It is no secret that I love baseball. It is my son’s chosen sport. He loves to play and I have grown to love it as well. As with most anything I do, I haven’t gone half way on my engagement with baseball. I love the history and I enjoy learning how to help my boy become better and better.
Over the years I have seen a large number of baseball games from youth levels up to the professional. I have come to appreciate defense and pitching much more than the offensive aspect of the game. Baseball Tonight’s “Web Gems” is one of my favorite bits of television.
I used to be in awe of the great diving plays. Now, I see them with a bit of a different eye. Some of them are the result of miraculous ability. However, I am learning that most of them are the result of guys being our of position or getting a bad jump on the ball.
When a guy takes two steps to the left or right we don’t typically sit in awe. We should.
The mundane and average play is typically the result of the player being in perfect position or reading the ball off the bat before the camera gets to him. You see, more often than not the average and mundane is so because the player has done the remarkable, he showed up in the right spot at the right time.
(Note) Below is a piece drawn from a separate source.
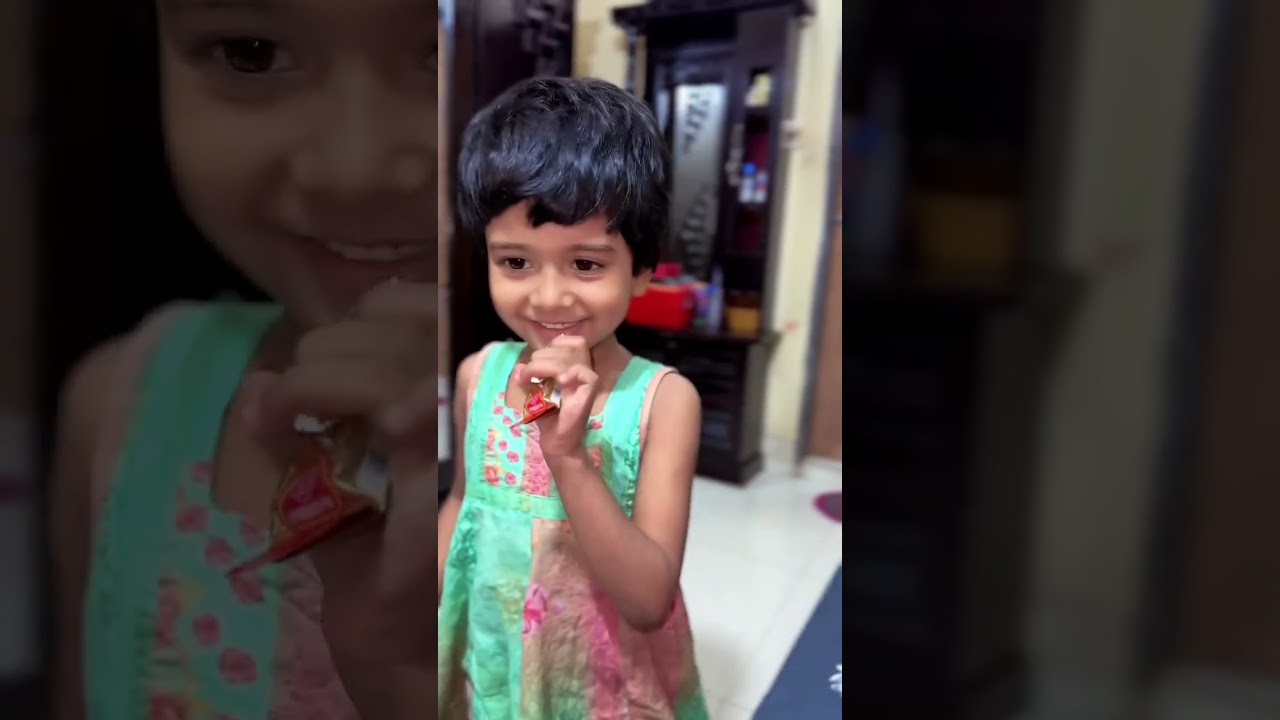 সন্ধ্যাবেলায় খাইতে বসছিলাম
As we move forward with the Antioch Movement we must embrace the mystery and beauty of the average and mundane in our every day world. We so often want the BIG, the GRAND, the SPLENDOR, of something that leaves us in awe. We want this so bad that we busy ourselves with the show. In the midst of that we miss the person next to us suffering quietly. We don’t see the single mom just wishing someone would give her a night off. The child who gets one free meal at school is nothing but a blip on our radar. The barista who just got dumped by her boyfriend who had been living with her for five years causes frustration in our life because she messed up our order.
The average and mundane.
The gospel is all about the average and mundane. When we live as a gospel community we will be more concerned about the average and mundane and celebrate what God does in the midst of us just being in the right place at the right time.